Only a few years ago, the college game was a very different one. Players, no matter how talented, stayed in school until graduation. Duke's remarkable run of Final Fours and National Championships was made possible by the four-year careers of such stars as Christian Laettner and Grant Hill. Today, it is difficult to imagine such talents foresaking the NBA until graduation.


Not only was the Duke dynasty exciting, it also allowed fans to "get to know" the team. Watching the same players for a number of years gave fans the opportunity to develop favorites and villians--there were many who enjoyed hating Laettner's brashness and late-game heroics.

It would have been difficult for fans to develop the same feelings about Marbury or Iverson, who are both at least as talented as Laettner. By the time they had clearly established themselves as stars, they were off to the NBA.

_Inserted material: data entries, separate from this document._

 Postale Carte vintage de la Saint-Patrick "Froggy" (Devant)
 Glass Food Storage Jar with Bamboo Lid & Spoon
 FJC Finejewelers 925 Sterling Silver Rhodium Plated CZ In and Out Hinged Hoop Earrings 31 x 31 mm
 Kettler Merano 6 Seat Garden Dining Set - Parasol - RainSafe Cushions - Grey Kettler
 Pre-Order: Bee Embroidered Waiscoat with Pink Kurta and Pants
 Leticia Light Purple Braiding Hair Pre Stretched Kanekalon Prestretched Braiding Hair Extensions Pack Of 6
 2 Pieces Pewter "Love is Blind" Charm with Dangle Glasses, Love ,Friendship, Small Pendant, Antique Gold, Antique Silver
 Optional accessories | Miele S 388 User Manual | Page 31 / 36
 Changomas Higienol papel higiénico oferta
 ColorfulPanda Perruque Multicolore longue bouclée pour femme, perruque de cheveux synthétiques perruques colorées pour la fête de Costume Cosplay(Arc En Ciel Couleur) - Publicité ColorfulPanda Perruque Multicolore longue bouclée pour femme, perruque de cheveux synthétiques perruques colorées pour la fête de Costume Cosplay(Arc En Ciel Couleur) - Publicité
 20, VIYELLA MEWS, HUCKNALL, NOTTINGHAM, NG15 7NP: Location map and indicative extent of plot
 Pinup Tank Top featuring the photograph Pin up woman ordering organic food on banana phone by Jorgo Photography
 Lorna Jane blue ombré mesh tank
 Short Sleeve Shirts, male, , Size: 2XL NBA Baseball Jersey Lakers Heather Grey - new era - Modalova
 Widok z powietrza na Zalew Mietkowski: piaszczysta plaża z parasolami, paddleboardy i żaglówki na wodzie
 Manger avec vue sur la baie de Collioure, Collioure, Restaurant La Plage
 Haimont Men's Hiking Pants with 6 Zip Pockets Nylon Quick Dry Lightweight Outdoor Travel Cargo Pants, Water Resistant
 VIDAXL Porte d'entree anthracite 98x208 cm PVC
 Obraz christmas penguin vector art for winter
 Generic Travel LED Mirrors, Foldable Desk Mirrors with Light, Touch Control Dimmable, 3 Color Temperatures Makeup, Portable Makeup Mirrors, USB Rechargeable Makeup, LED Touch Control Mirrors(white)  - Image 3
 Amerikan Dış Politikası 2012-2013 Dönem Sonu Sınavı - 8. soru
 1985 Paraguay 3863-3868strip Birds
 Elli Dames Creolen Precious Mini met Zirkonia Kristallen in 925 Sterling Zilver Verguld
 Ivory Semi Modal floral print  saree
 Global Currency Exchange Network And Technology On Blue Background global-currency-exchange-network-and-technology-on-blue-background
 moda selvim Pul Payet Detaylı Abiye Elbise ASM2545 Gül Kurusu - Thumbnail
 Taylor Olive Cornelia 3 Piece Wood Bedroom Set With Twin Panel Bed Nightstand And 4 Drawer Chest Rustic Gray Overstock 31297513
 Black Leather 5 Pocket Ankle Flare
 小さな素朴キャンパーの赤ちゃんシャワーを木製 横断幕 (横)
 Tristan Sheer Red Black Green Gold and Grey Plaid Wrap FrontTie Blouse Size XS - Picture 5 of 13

It must be noted that there is not a complete lack of continuity in the college game. Tim Duncan of Wake Forest could easily have been a top pick in last year's draft. Instead, he chose to remain in school.

Unfortunately because others have not followed his lead, Duncan's decision has created a talent imbalance. It is no coincidence that the Deamon Deacons have been ranked in the top three nationally throughout the year--Duncan is far superior to the opponents he faces. Imagine how exciting college ball would be if Duncan had to face Marbury, Jerry Stackhouse, and Rasheed Wallace instead. All of these players would be in Duncan's conference (the ACC) if they had not chosen to leave early.

There is at least one conference that has been unaffected by the turmoil in the college game--the Ivy League. Seniors at Harvard have been able to enjoy Snowden's talents throughout their stays in school. When thinking about next year's team, one can be confident that junior Mike Scott will be a key figure. How nice.

So we Ivy Leaguers can at least take comfort in the fact that if the major college game has changed for the worse, our own game is much the same as ever.